The most prestigious was considered to have a beautiful and comfortable bed, up to four meters wide. Above her hung Baldakhin, leaning on carved wooden posts. The bed was covered with hay or straw, the mattress was put on top from a feather or weaving waste. Pillows were cotton or fluffy. Coverlets were padded with fur or a feather. They were predominantly red in color, attributed to the ability to prevent various diseases. Servants slept on lavas or chests.

The walls and ceilings were painted only in the premises of very rich people. Yes, and could not afford to pave the floor with multi-colored tiles. Usually the floor was covered with thatched paths. In rich houses, to keep warm, the stone walls were covered with carpets brought from the east. Since the XII century., For heating the rooms began to put fireplaces. However, the fireplace gave a little heat, and it was possible to warm up only sitting right next to it. The situation changed for the better only with the advent of the XIV century. tiled stoves.

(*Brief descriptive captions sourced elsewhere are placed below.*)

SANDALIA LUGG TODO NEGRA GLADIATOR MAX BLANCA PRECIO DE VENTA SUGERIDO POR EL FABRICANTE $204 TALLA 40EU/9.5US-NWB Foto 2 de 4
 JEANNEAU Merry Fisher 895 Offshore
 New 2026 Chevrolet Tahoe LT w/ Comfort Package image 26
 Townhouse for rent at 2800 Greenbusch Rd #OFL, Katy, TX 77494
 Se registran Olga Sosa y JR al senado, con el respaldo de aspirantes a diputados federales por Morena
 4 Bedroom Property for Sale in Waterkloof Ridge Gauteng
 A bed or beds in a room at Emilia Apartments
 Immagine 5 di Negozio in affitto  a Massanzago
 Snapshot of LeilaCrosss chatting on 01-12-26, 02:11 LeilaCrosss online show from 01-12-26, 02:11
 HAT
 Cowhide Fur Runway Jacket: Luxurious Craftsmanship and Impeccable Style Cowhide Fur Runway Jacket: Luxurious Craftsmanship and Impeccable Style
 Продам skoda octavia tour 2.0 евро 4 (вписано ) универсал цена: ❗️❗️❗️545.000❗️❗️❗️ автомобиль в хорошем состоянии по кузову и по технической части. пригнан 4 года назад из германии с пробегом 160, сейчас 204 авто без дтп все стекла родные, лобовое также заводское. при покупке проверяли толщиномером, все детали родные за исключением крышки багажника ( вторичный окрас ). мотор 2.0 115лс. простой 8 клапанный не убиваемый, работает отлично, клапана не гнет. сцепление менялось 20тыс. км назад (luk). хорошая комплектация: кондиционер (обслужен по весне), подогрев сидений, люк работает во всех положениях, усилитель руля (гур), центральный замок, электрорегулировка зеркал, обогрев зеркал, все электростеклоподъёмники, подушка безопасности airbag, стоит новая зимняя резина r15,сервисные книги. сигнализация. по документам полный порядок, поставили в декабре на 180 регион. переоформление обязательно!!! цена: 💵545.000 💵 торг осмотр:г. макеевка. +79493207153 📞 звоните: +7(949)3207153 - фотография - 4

Over time, people have the desire to make their home more comfortable and cozy. In families with average income, too, there are exquisite items, selected with taste: candlesticks, metal stands for reading and writing, cabinets for expensive utensils, etc. Items of silver and gold, which only kings and nobles could boast of before, appear in dwellings of wealthy townspeople. They began to distinguish between the dining room and kitchen utensils. Items of tableware – real masterpieces – were made by talented jewelers. It is known that in 1380, at the request of the French King Charles V, a gold saltcellar was made in the form of a ship decorated with 32 precious stones and 52 pearls.

The bowl is a small clay dish in the form of a saucer, which was filled with oil, lard and used for lighting, putting a wick. Another name is Kaganets.

Baldahin – canopy made of cloth on poles or poles above the throne, bed, burdens, etc.